Born in Cable Street in the heart of London’s East End in 1956, one of five children of a family who fled India at the time of Partition, she is almost certainly the only opera impresario who grew up in a home with an outside lavatory.
She is also the only one who regularly produces operas in prisons, through the pioneering Pimlico Opera, the first company she created almost 40 years ago. To date, Pimlico has put on 30 productions involving more than 1,000 inmates and watched by 60,000 members of the public – most recently Made in Dagenham, performed this March at HMP Bronzefield near Staines, the largest women’s prison in Europe.
For Kani, opera is “a form of almost religious aspiration reaching upwards to the stars – and into the depths of the human soul”. It has the power to change lives – and that applies equally to offenders as to more privileged audiences.

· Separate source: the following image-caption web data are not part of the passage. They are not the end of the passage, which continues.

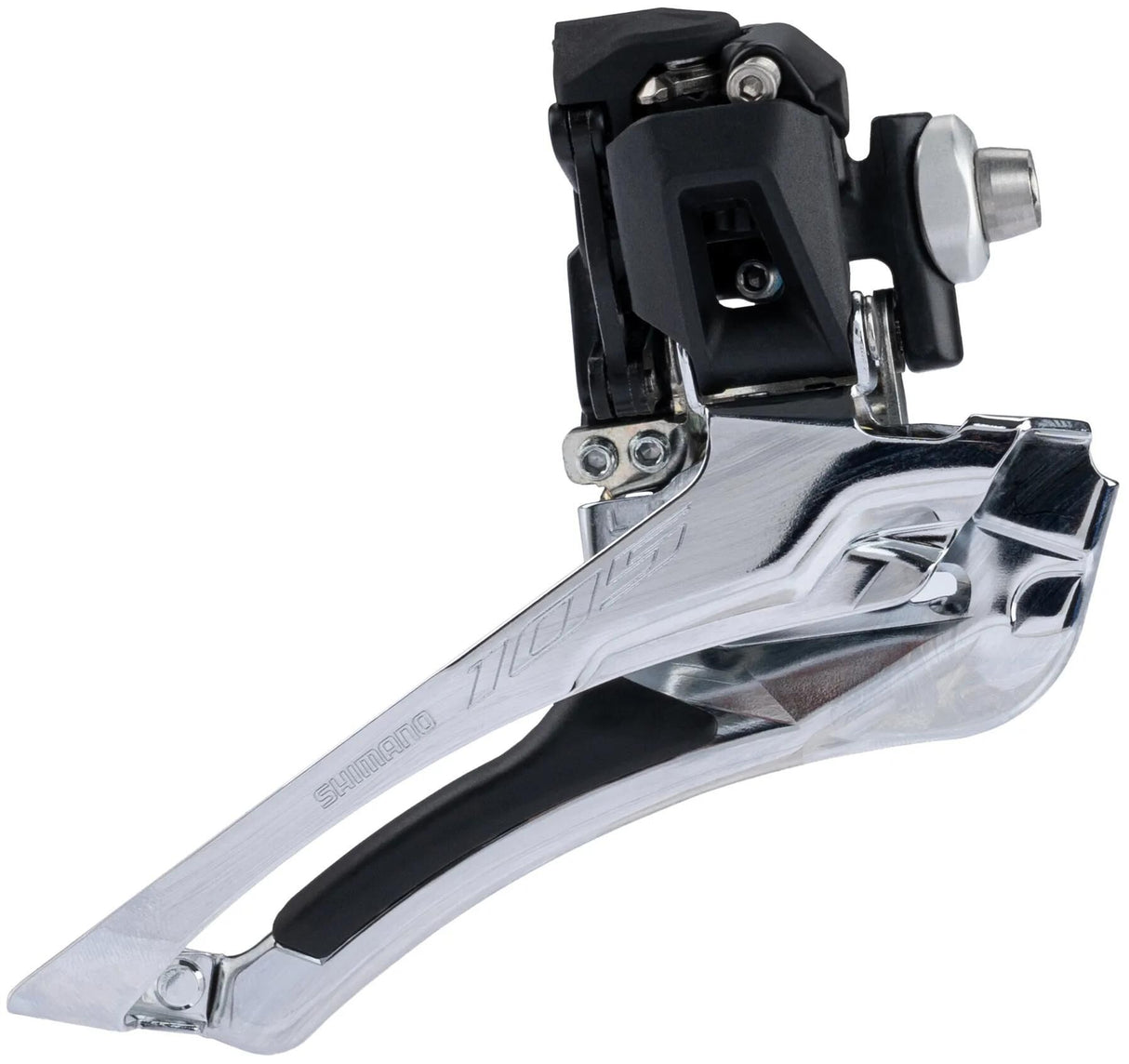Dérailleur avant Shimano 105 fd-r7100 fr.derail.shim. 105 fd-r7100 à braser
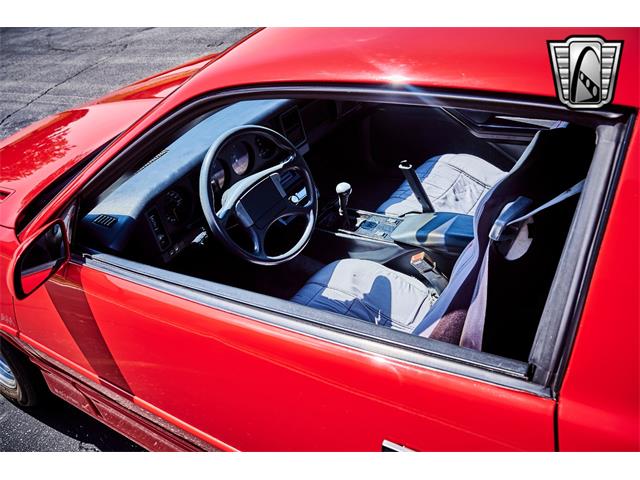 1988 Pontiac Firebird Trans Am (CC-1788278) for sale in O'Fallon, Illinois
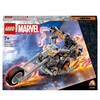 LEGO® Marvel Ghost Rider mit Mech & Bike 76245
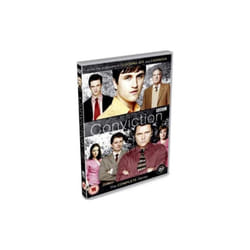 Conviction - the Complete Series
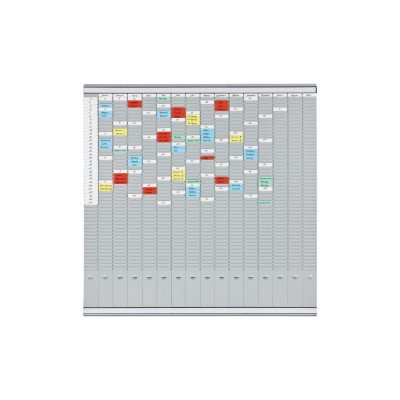 Tervezőtábla éves 100,8 x 100,8 cm,  PV-SET5 Franken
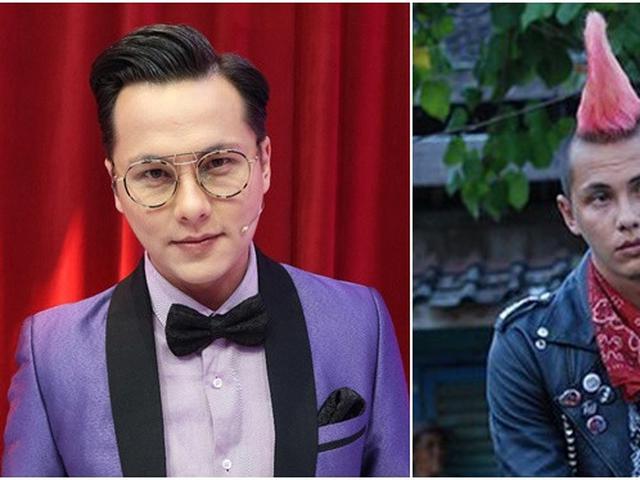 7 Transformasi Gaya Andhika Pratama Dari Awal Karier Hingga Usia Ke 33 Hot Liputan6 Com
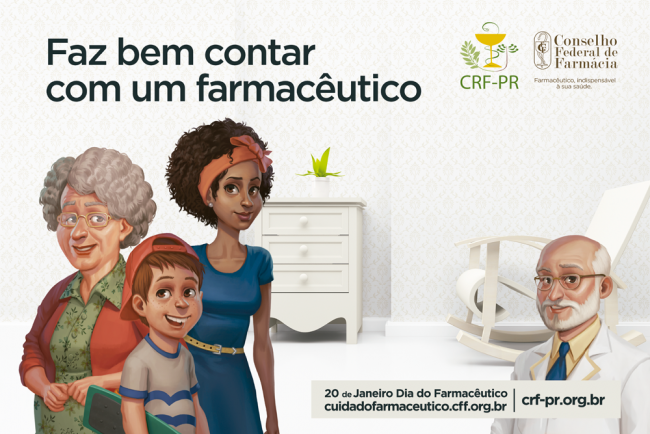 Cuidados farmacêuticos melhoram resultados de tratamentos pelo país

“Prisoners are all just people,” she says, typically matter-of-fact. “We are all the same. No one is better than anybody else. Some people do bad things; some people get a better education.

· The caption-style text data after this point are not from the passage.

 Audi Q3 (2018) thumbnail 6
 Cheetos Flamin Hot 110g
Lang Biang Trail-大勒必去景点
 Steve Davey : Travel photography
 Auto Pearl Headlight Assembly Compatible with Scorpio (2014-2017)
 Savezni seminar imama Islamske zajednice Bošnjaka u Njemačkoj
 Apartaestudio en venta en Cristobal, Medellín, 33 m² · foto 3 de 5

“Prisoners need help to become useful members of society,” she adds, injecting a note of humour that negates any hint of po-faced do-goodery. “I’m trying to make them all into taxpayers.”
Opera has certainly transformed her own life. A talented violinist who performed with the National Youth Orchestra and studied music at Oxford University, Kani apparently left music behind when, after graduating, she launched a lucrative career in the City setting up computer systems for investment outfits – “back when computers were the size of a room”.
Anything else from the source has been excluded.